• **TASK BRIEF**:
Leaving out all pictures, write out word for word the lines from the one containing "NY license plate HBK1102" to the end of the data below.

• **DATA FOR THIS EXERCISE**:
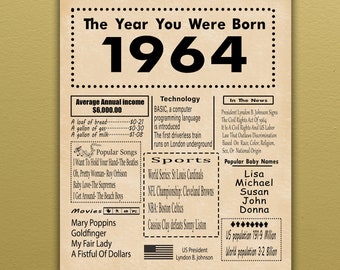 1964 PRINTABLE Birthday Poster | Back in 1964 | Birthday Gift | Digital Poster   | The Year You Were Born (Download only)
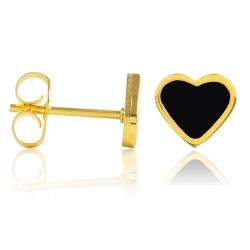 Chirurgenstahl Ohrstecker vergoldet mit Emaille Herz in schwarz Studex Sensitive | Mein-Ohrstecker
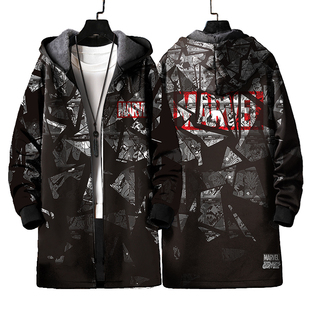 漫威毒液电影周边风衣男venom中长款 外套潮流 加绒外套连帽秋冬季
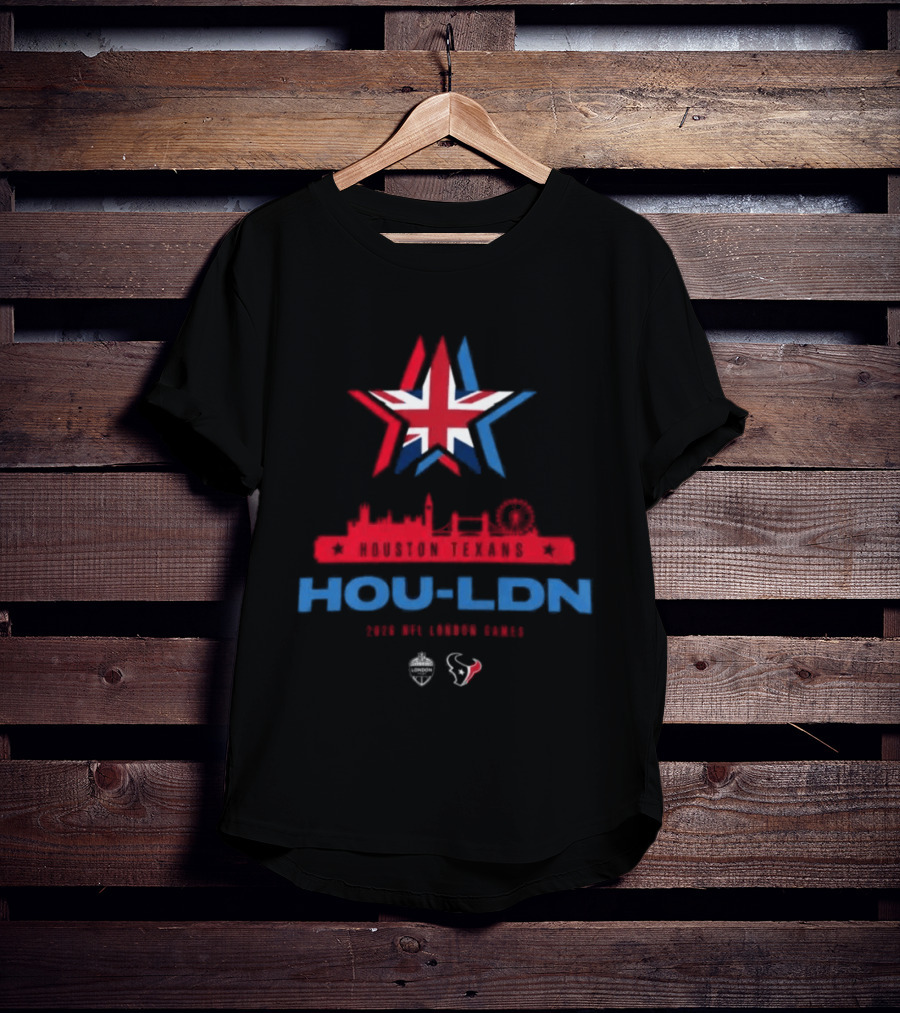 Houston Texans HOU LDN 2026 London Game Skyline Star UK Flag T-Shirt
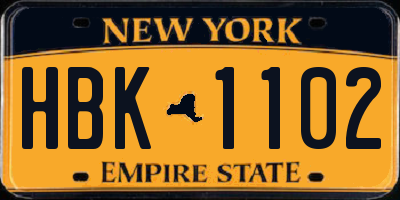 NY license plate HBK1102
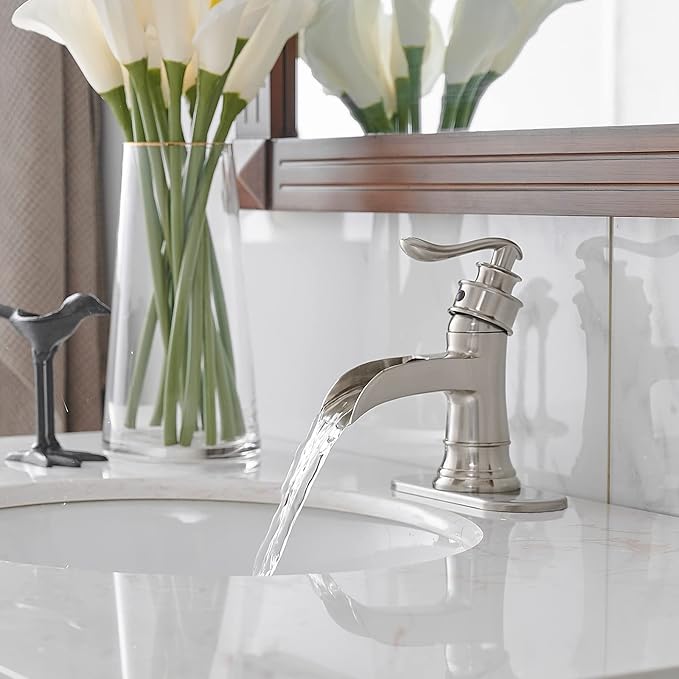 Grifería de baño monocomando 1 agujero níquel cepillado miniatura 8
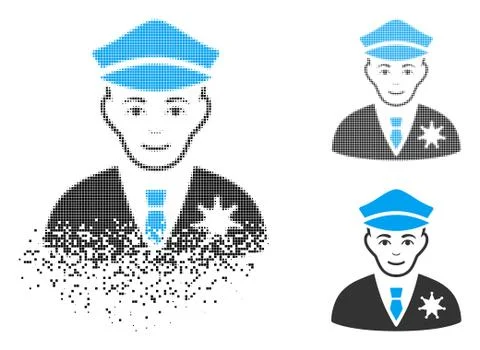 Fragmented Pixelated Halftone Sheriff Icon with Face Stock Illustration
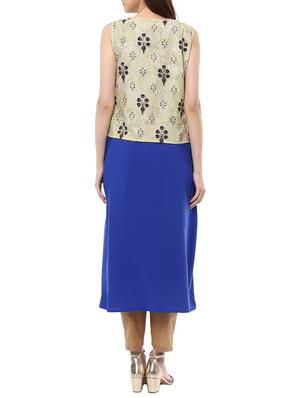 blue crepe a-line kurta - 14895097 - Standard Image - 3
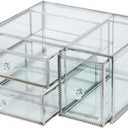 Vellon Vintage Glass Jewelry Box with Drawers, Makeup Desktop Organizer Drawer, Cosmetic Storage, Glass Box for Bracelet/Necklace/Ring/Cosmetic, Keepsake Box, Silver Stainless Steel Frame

• **WRITTEN RESPONSE**:
 NY license plate HBK1102
 Grifería de baño monocomando 1 agujero níquel cepillado miniatura 8
 Fragmented Pixelated Halftone Sheriff Icon with Face Stock Illustration
 blue crepe a-line kurta - 14895097 - Standard Image - 3
 Vellon Vintage Glass Jewelry Box with Drawers, Makeup Desktop Organizer Drawer, Cosmetic Storage, Glass Box for Bracelet/Necklace/Ring/Cosmetic, Keepsake Box, Silver Stainless Steel Frame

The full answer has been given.